Speaking to Ak and Barak on their DAZN Boxing Show, the Matchroom promoter said he felt like a “one-man army” while trying to get the super-fight off the runway.
“I can’t control the other side,” he noted.
Maybe he was a bit naive, Hearn stated, to believe people who told him that the pending arbitration wouldn’t affect Fury-Joshua plans. When he spoke to Top Rank’s Bob Arum on the phone right after the arbitration news dropped, he told Arum it made sense to stay on the road to make Fury-AJ.
“The whole thing absolutely stinks,” Hearn said, making clear he thinks this was the plan for Top Rank all along.
He isn’t sure that kicking the can down the road and making Fury-Joshua in December is the right move, or will occur. And it’s clear Hearn has been mulling things since the arbitration bomb dropped on May 18, and he’s gotten more salty in that time frame.

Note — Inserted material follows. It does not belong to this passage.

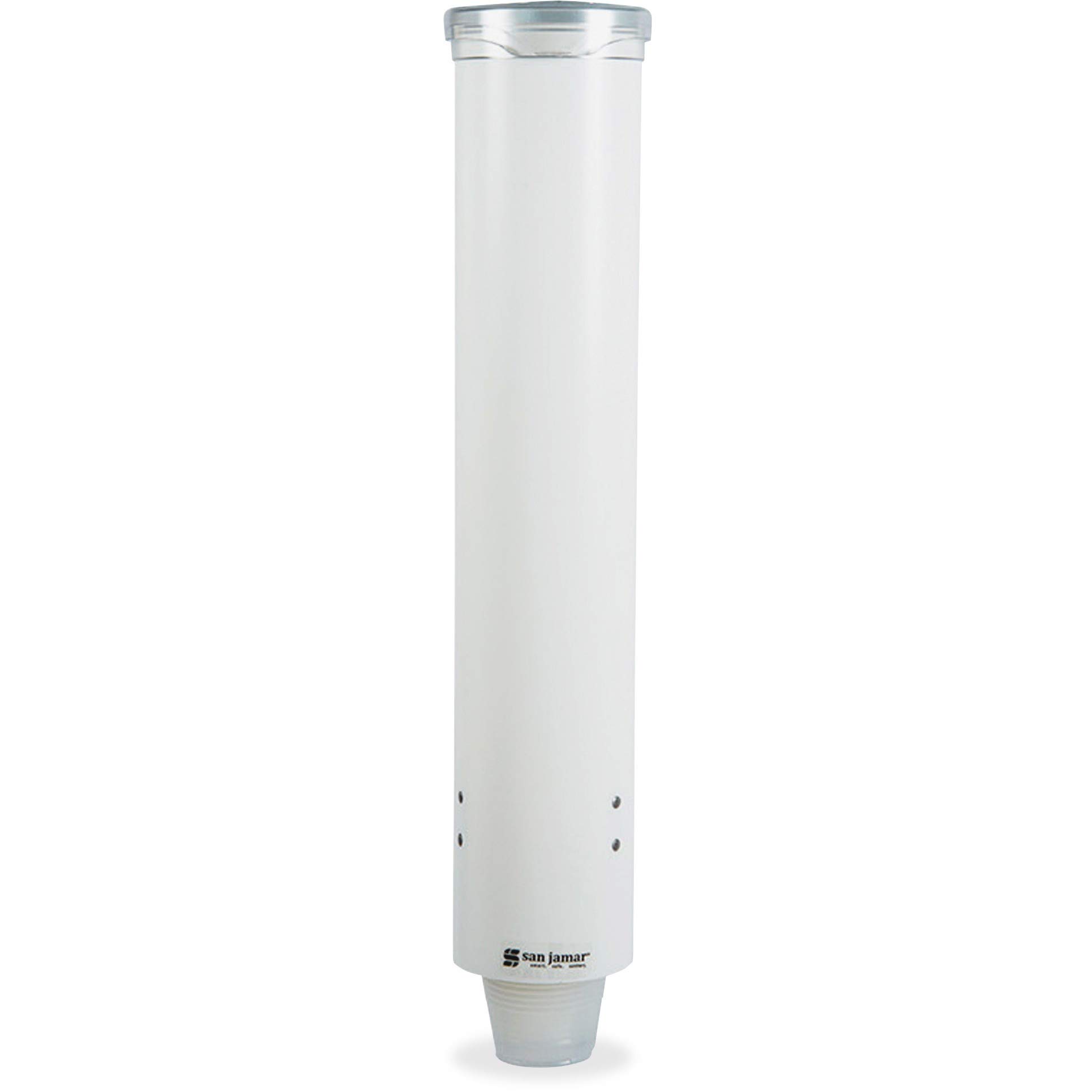 San JamarC4160WH Small Pull-Type Water Cup Dispenser, Fits 3 to 4-1/2 oz Cone Cups and 3 to 5 oz Flat Bottom Cups, White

Hearn thinks there’s not been a real effort made to put off Wilder with a “step aside” fee. He speculated as to why, what sort of deals behind the scenes may have affected the whole matter. Hearn finds it curious that Fury isn’t kicking up dust, and doesn’t appear to be at all bummed that plans to battle AJ went into the gutter.
“AJ feels that the entire team never wanted the fight and they used his name for clout,” said Hearn.
The promoter kept a measured tone, but he betrayed a certain level of angry intensity when he said he believes that people were “in cahoots” to keep Fury-Joshua from being completed.
So on to the future, where it seems like Joshua will likely battle WBO mandatory challenger Oleksandr Usyk battle. “End of August” is the time frame that Hearn has in mind for a tussle between those two. AJ has told Hearn that he’s up for fighting Usyk, but it isn’t impossible that AJ gives up the WBO belt.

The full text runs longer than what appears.